I'm trying a small DYI project on our new, very old home. We have a small porch in front of an office addition on the side of the house. The porch has taken a real beating from the runoff, as there is no gutter on that section. I purchased a 10' section of aluminum gutter, along with all the other bits, but immediately ran into a road block (of course). There is no fascia board. Should I mention that I had to look that term up? 

I've attached 2 pictures: as it stands and one with my idea.

I'm thinking of mounting a 2x3 along the bottom (grey board) of the rafters. Then mount a primed fascia "board" (1x6?). I think the 2x3, combined with the tiny bit of rafter end will provide about 1 3/4" + 1" of surface area that I can screw the fascia into. Not huge, but for a 10' section I think that will be good enough. I suppose I could also throw some kinf of bracket onto the the back, too...
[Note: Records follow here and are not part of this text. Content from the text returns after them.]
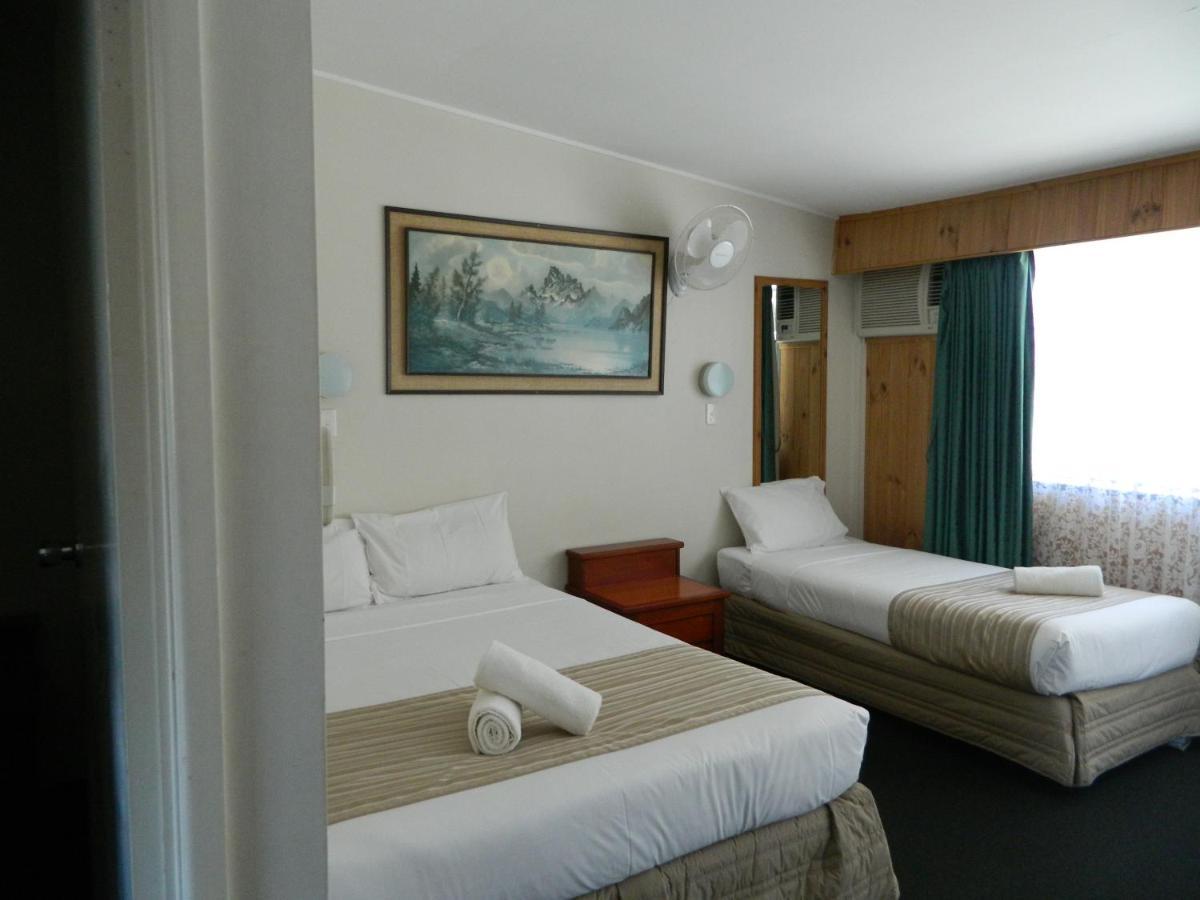 Coachman Motel Тувумба Екстер'єр фото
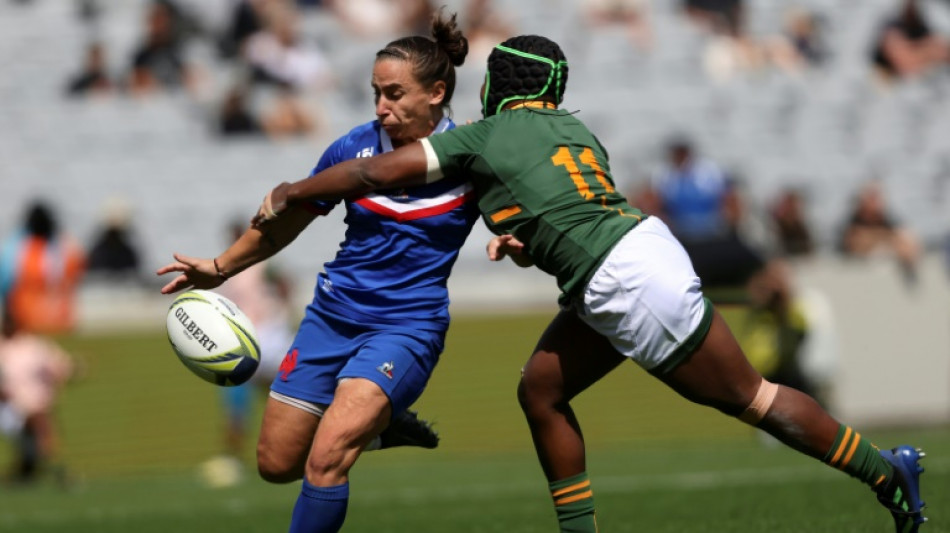 Blessée au Mondial, la demie de mêlée des Bleues Laure Sansus dit adieu au rugby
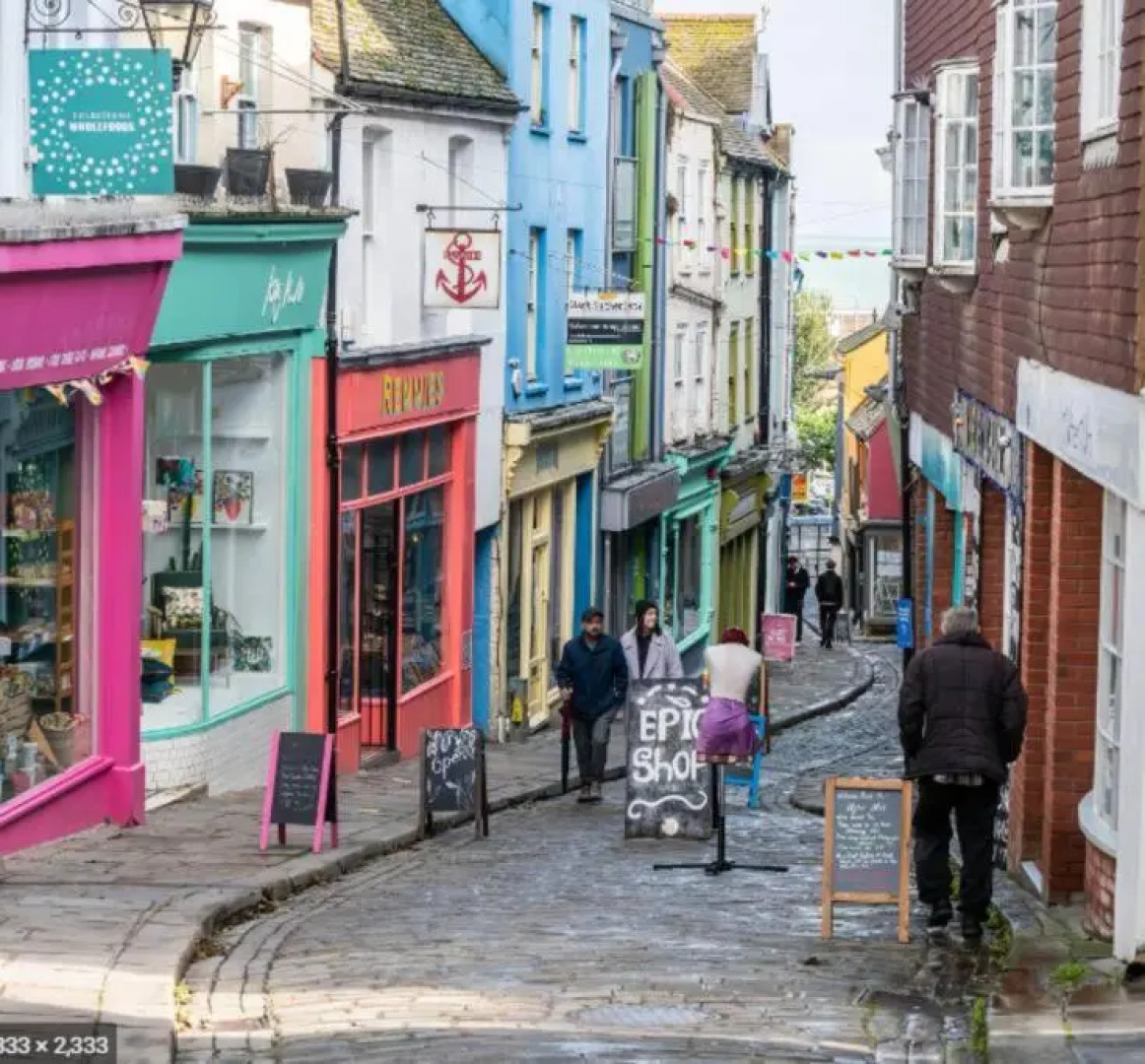 Beautifully appointed, period seaside apartment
I've seen some custom metal fascias online. I really wanted to do this myself, though. I doubt something like that can be purchased.

Oh, and do I need to install a soffit? If so, just a solid piece of wood? Or some kind of "vent"?

Thanks!


----------



## 911handyman

Hey there, soffits are good they clean up the house, you don't have to install a soffit. from the pics it looks like you have a drip edge from the roof down, you need to get the gutter material under that so that the the drip edge is in the gutter. Hope this will help.


----------



## Todd-Beaulieu

Thank you. It didn't occur to me that I could get away with just hanging the gutter in space. I went ahead and created a fascia. It was a lot of work and I made more than a couple of mistakes, but I did the best I could. Old lumber dimensions don't match current! Oh well. So now I just want a little rain so I can sit out front and admire my handywork!


----------



## joecaption

By just adding a fashia it looks like you may have water running down behind the gutter and fasia.
A simple fix is to use coil stock that slips in under the starter strip of shingles
And bend it at about a 45% angle laying in the gutteres.
If you had of used vinyl lumber to make that fasia there would be 0 painting in the future.


----------